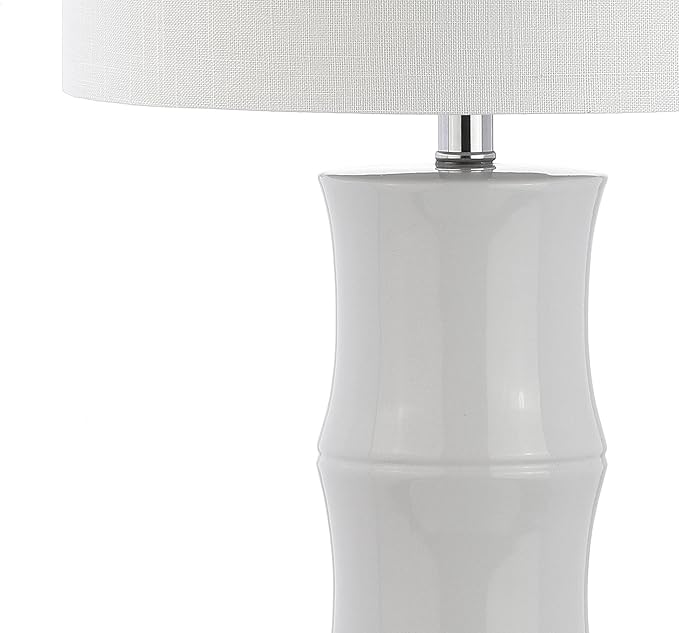 JONATHAN Y 26.5" White Ceramic Table Lamp for Living Room, Bedroom Nightstand, White Linen Drum Shade, Bamboo Design Modern Bedside Desk Lamp with LED Bulb Included (JYL3015C)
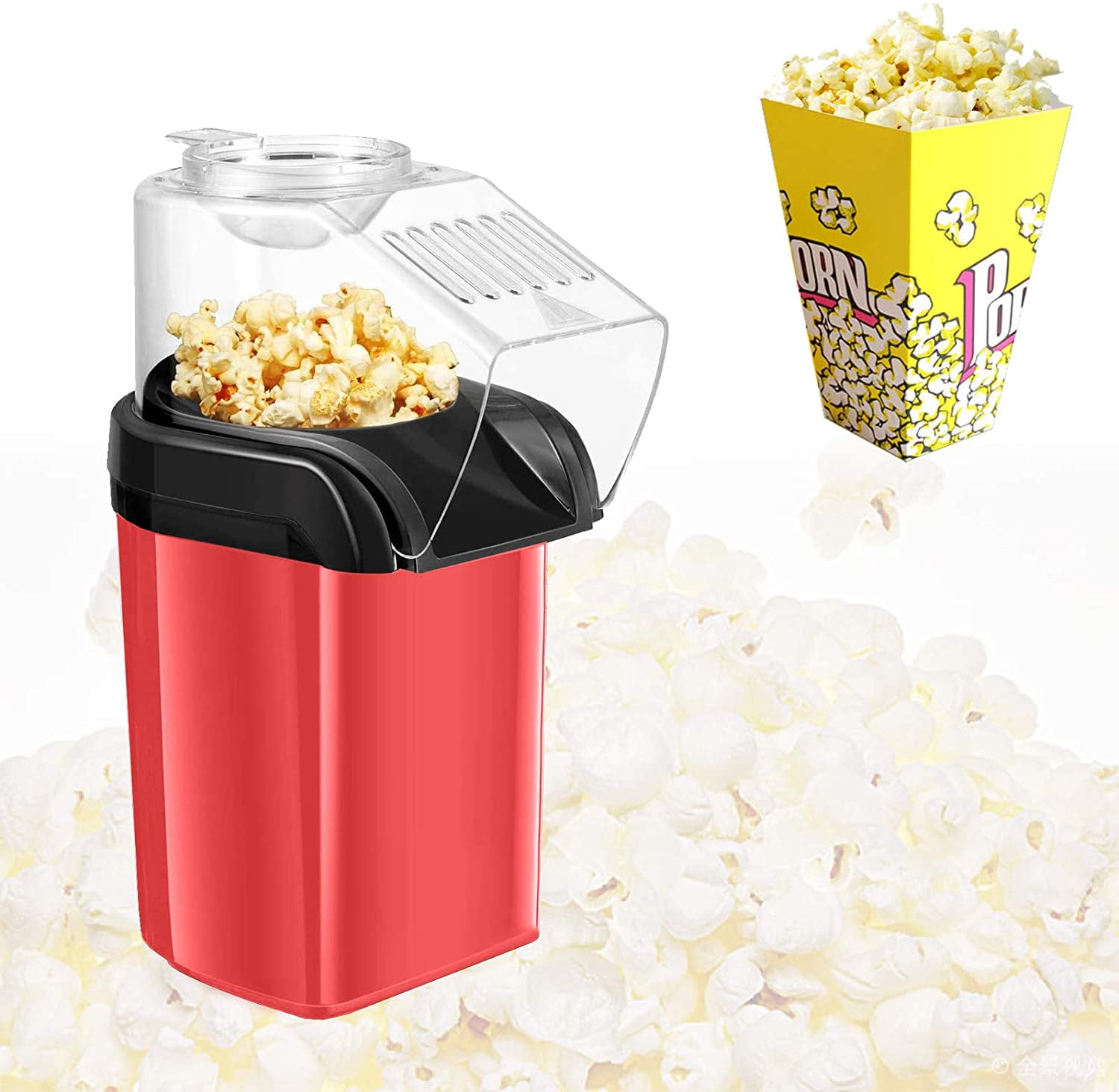 BillionPool POP-A Popcorn Machine, 1200W Popcorn Maker, BPA-Free, Low Fat,  No Oil Need Hot Air Popper Popcorn Maker, Fast Popcorn Popper with Top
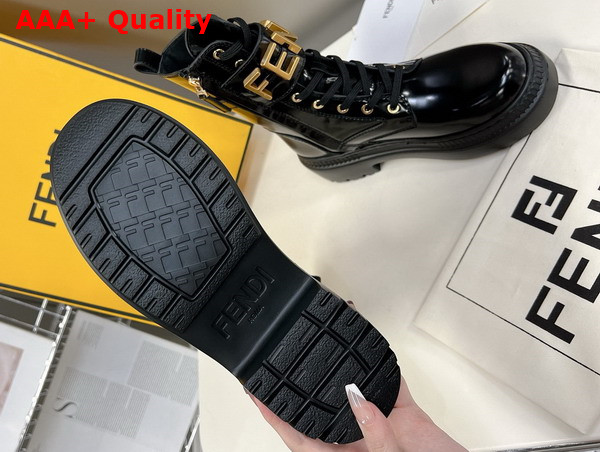 Fendigraphy Biker Boots in Black Leather Replica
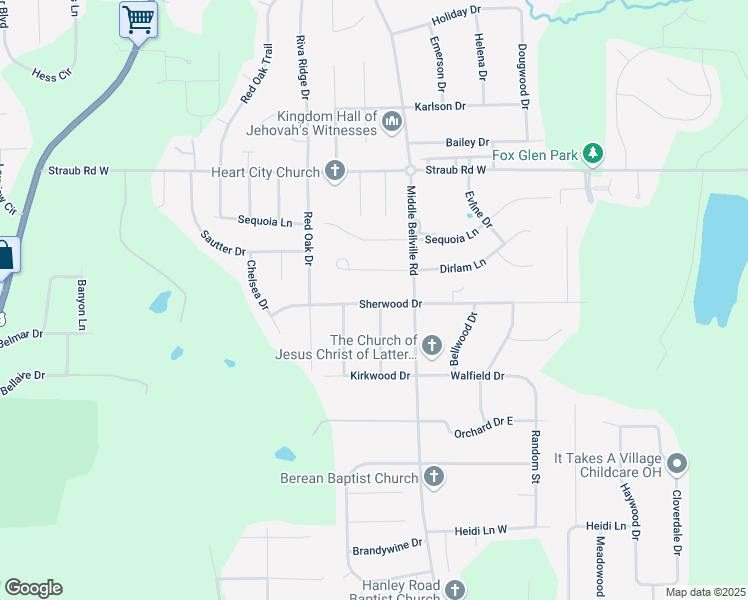 map of restaurants, bars, coffee shops, grocery stores, and more near 647 Dirlam Ln in Mansfield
▬▬▬
> [Work order] Line by line, return the listing above exactly, leaving out its pictures.

> [Answer to the exercise]
 JONATHAN Y 26.5" White Ceramic Table Lamp for Living Room, Bedroom Nightstand, White Linen Drum Shade, Bamboo Design Modern Bedside Desk Lamp with LED Bulb Included (JYL3015C)
 BillionPool POP-A Popcorn Machine, 1200W Popcorn Maker, BPA-Free, Low Fat,  No Oil Need Hot Air Popper Popcorn Maker, Fast Popcorn Popper with Top
 Fendigraphy Biker Boots in Black Leather Replica
 map of restaurants, bars, coffee shops, grocery stores, and more near 647 Dirlam Ln in Mansfield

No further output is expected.